Dear brothers and sisters,
This Sunday’s readings speak of two themes: rest and action. Both of these are necessary in the Christian life.
In the First Reading, Ezekiel paints a picture, in divinely inspired words, of the action that God takes to ensure a place of safety for the people of Israel. It is God who plants a cedar tree on the high mountain. The Cedar is regarded as a noble tree. It provides shade, and its wood, with its scent, is used for the panelling of the Holy Place. In the shade of this tree – planted by God Himself – all find rest.

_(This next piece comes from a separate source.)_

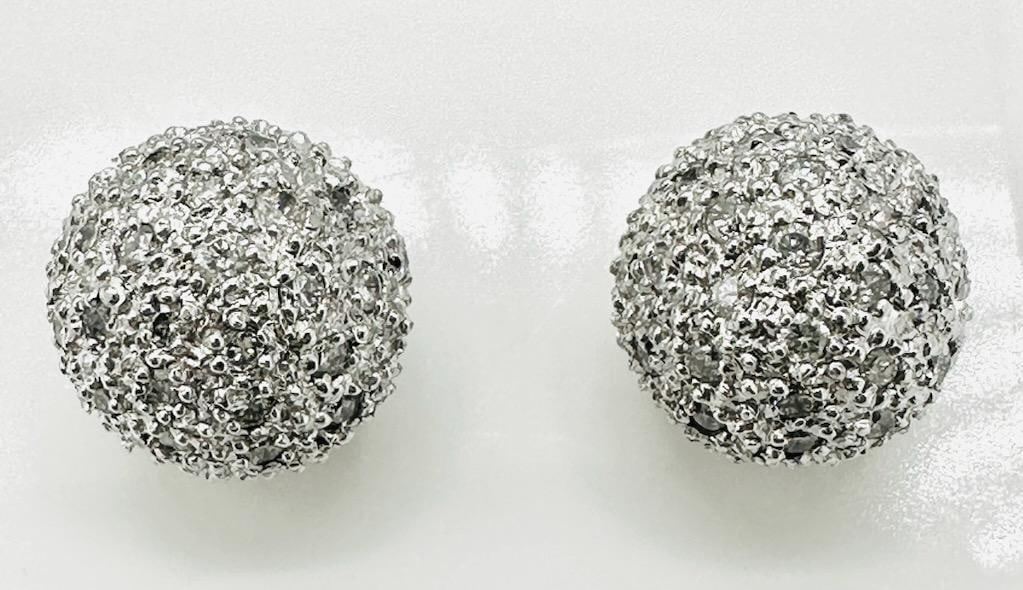 14KT White Gold Pair of Natural Diamond Ball Stud Earrings # 2159 (1 of 3)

St Paul, in his letter to Corinthians, expresses his desire to be at home – at peace and at rest – with the Lord. For us – as for Paul – the whole of our lives as Jesus’ followers must be about the fulfilment of all the Lord would do in us. A life lived in conscious response to God’s will, the way of the Gospel, is the sure way for us to find life.
Jesus, in the Gospel, brings rest and action together. The sower throws seed on the land. What happens next is beyond him. God is active and the sower, in his work, is cooperating with God’s action. It is in the time of ‘rest’, as it were – when the seed is growing unseen – that God is at work.

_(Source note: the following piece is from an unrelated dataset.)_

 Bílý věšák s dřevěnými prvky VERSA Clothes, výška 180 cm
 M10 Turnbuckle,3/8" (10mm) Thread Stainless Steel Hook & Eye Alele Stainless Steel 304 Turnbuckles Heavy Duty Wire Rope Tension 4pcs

These texts remind me of the two sisters of Bethany: Martha and Mary. Martha is always busy. Mary recognises the need to simply be with the Lord, to sit at his feet and rest in his presence. Both are needed. Martha and Mary need to be, as it were, present in us all. The times of shelter and rest with Christ – the times of prayer, the moments when we are especially conscious of placing ourselves in His presence, reflection on the Scriptures, the Eucharist – are the very times we need for the action that God calls us to take – and the call to action, the call to mission – is ever present.
We must be builders of His Kingdom and this will require continuing advocacy for the value and dignity of human life, continuing work for peace, continuing support for the refugee, the dispossessed, and the continuing proclamation of the Gospel and the life that the Lord gives through his Death and Resurrection.